I try not to do too much screen time on Vesak Day, I want to talk about the Buddha with my friends face to face. At the moment, that means a 4 year old who doesn't want to talk about the Buddha and my partner, who has gotten more into nature worship lately (which I don't mind) (but she also meditates).
My daughter knows what she wants and pursues it vigorously and since I spend a lot of time with her I have adopted an accepting attitude. I need to be more of a leader and teacher her and structure her day more.
Anyway, I had her watch Willy Wonka and the Chocolate Factory. She actually quite liked the movie. She almost wanted to watch the updated version, but then changed her mind. In a way I find the movie quite scary. The sort of spoiled children end up going away in scary ways. It is very much about the dangers of following our desires all the time and the habits that form around that, that help you not hear about reality and focus on your wants.

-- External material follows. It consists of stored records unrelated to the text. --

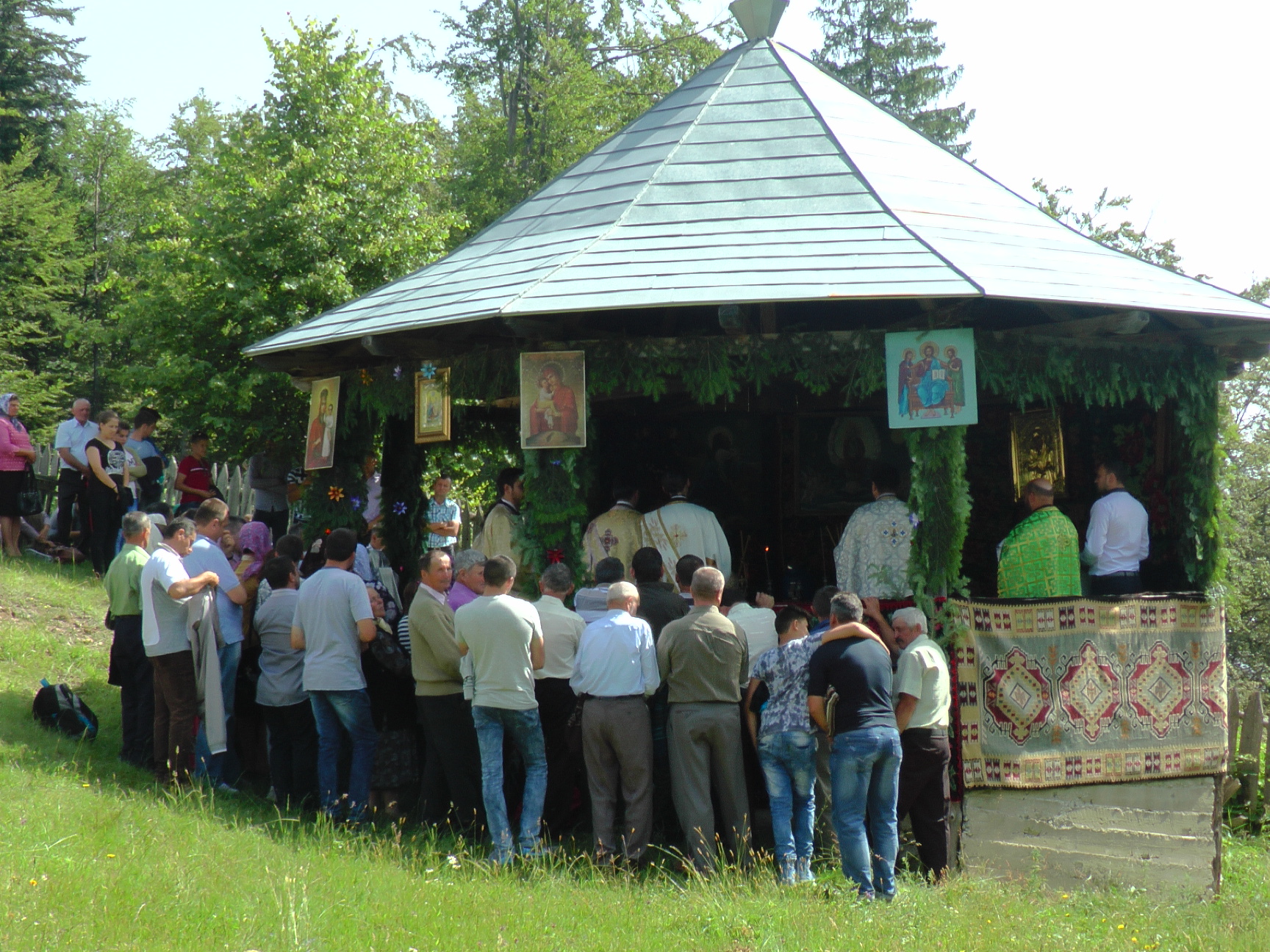 Schitul „Poiana Arşiţei“ din judeţul Suceava şi-a sărbătorit hramul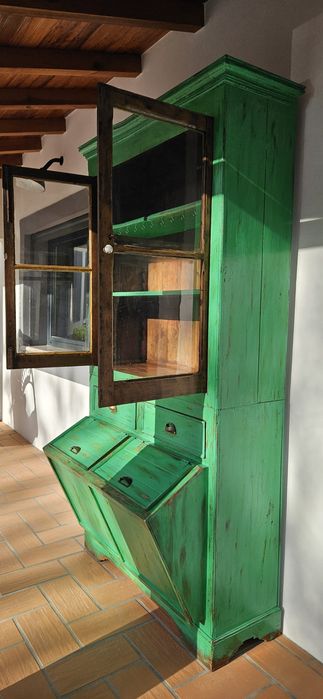 Grande louceiro mercearia tulhas antigo rústico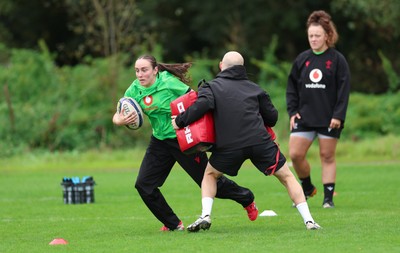 071026 Wales Women Rugby Training - Nel Metcalfe during a rugby training session ahead of the WXV matches in Japan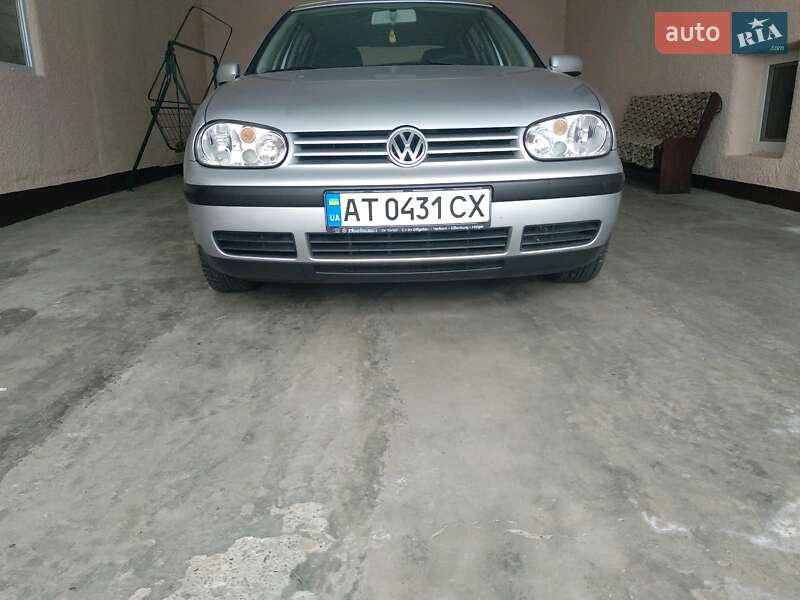 Хетчбек Volkswagen Golf 2001 в Івано-Франківську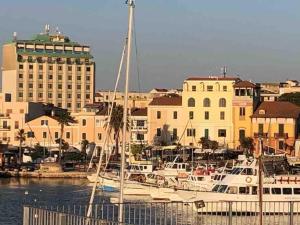 La casetta nel porto di Alghero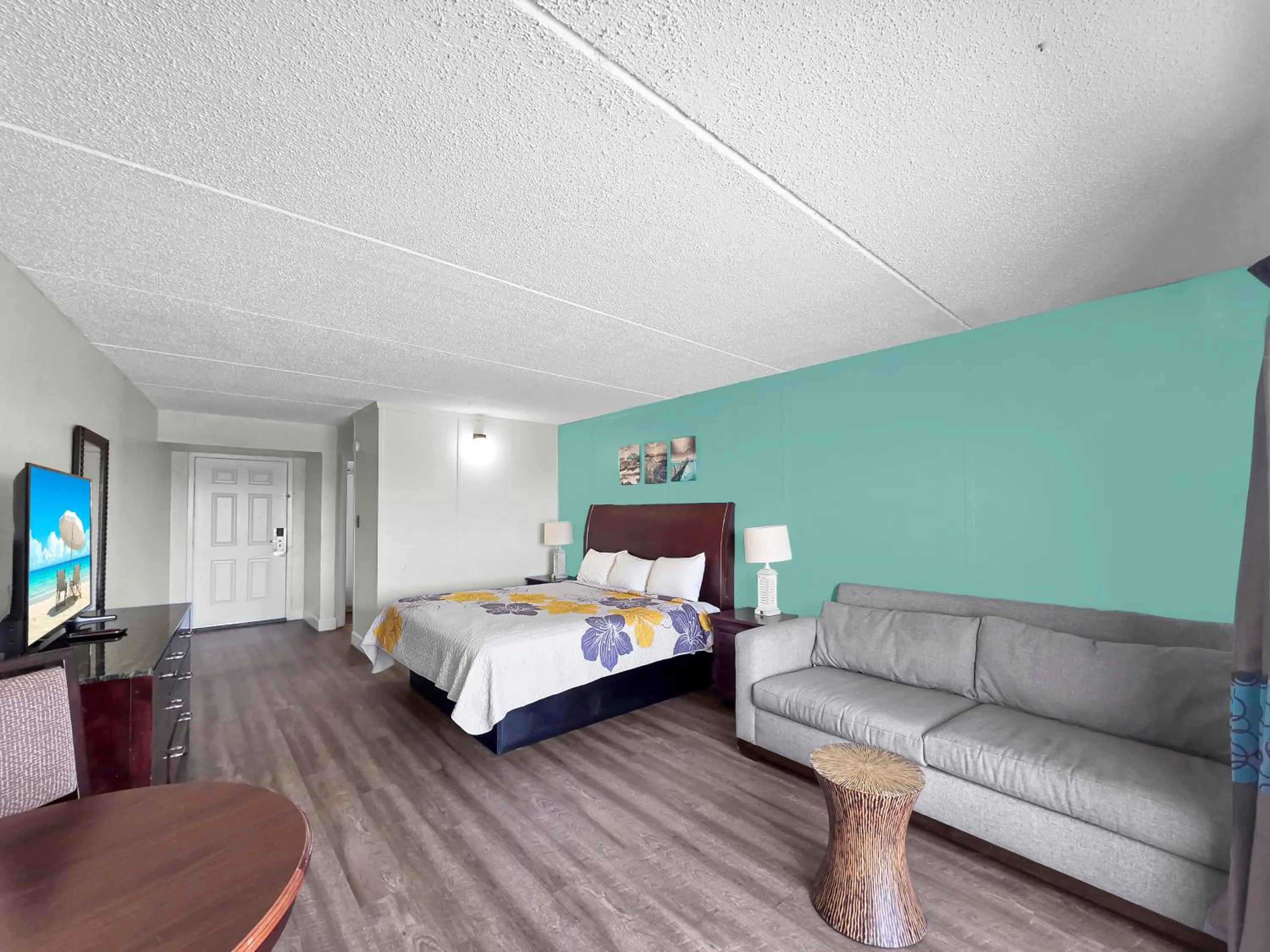 Bed in CRYSTAL PALACE RESORT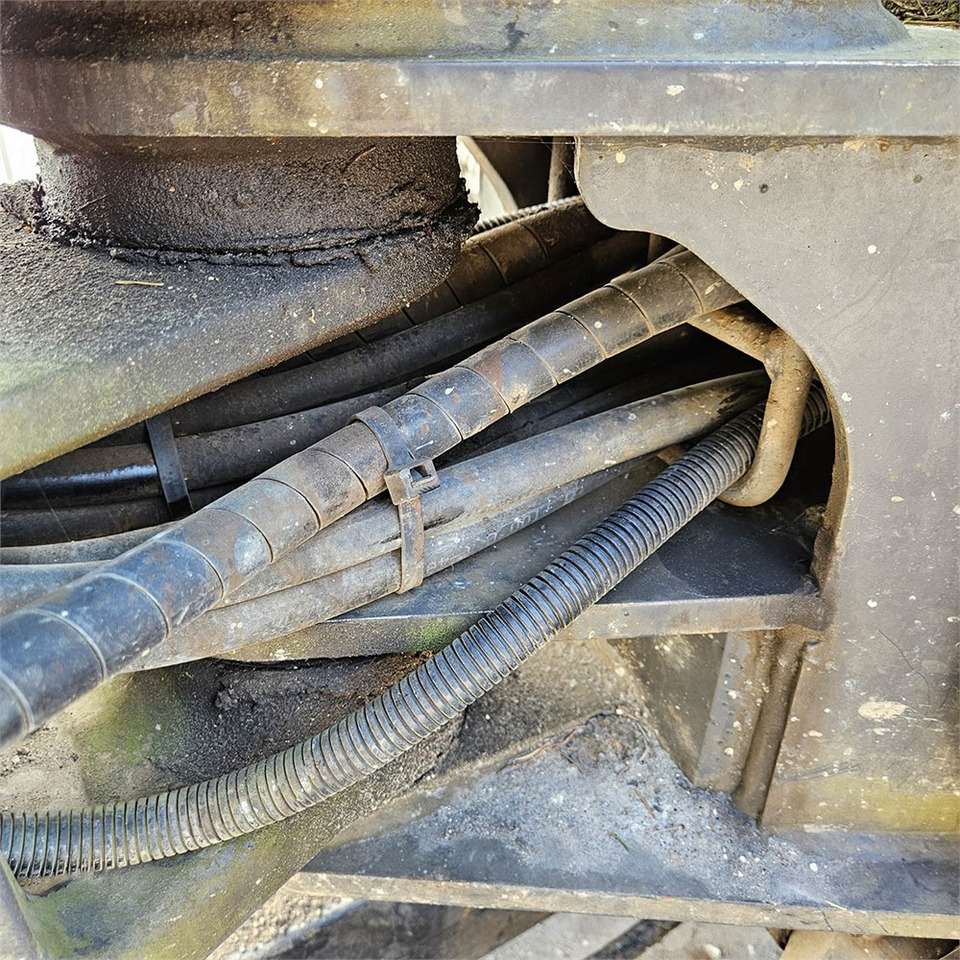 Mini pelle New Holland E26C: photos 34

Maybe I can extract a Dharma lesson from everything, but I thought it was a good movie to watch on Vesak Day for children. I don't know how much my daughter understands, but she watches things many times, so she's laying the foundation for further learning.
At the moment I feel very lucky. I offered to speak English in video chats to some Sri Lankan monks who want to learn English better. I responded to a request on Reddit. And the result is that I have been helping two monks improve their English. It makes me feel so lucky and so happy to be doing this. My spiritual friends have drifted away, and it feels really good to cultivate spiritual friendship. I'm just so happy. I need to learn to be a English as a foreign language teacher. If anyone gets the opportunity to do such a thing, I would highly recommend it. Among other things, I'm learning more about Sri Lanka which I've always been very curious about. I learn more about the Dharma. And I'm helping someone with language skills, who wants to improve their English. So I have to think about what words mean and how to use language on a basic level.
I am also lucky to have a good library of the Dharma. Thank you to the translators, to the people who preserved the books, to the publishers.
I am lucky to have a partner that provides feedback on how to grow.
I am grateful to the teachers that have taught me in person. I am grateful to the traditions. I am grateful for the Buddha, who chose to go forth from the homelife and seek his answers.
I feel lucky to have found the Dharma, not being born in a country where it is not popular yet only .7% compared to 70% in Sri Lanka.
I am still trying to figure out how to celebrate Vesak day. On reddit they just say meditate, which is good. Anything that moves you closer to the Buddha is good. But it's a public celebration and many people go to temples on this day. I've only gone once to a NYC gathering and it was quite interesting. I'm looking for general Buddhist gatherings and holidays. I am looking for the follow through in myself to do these things.
I am grateful for so much room for growth within myself.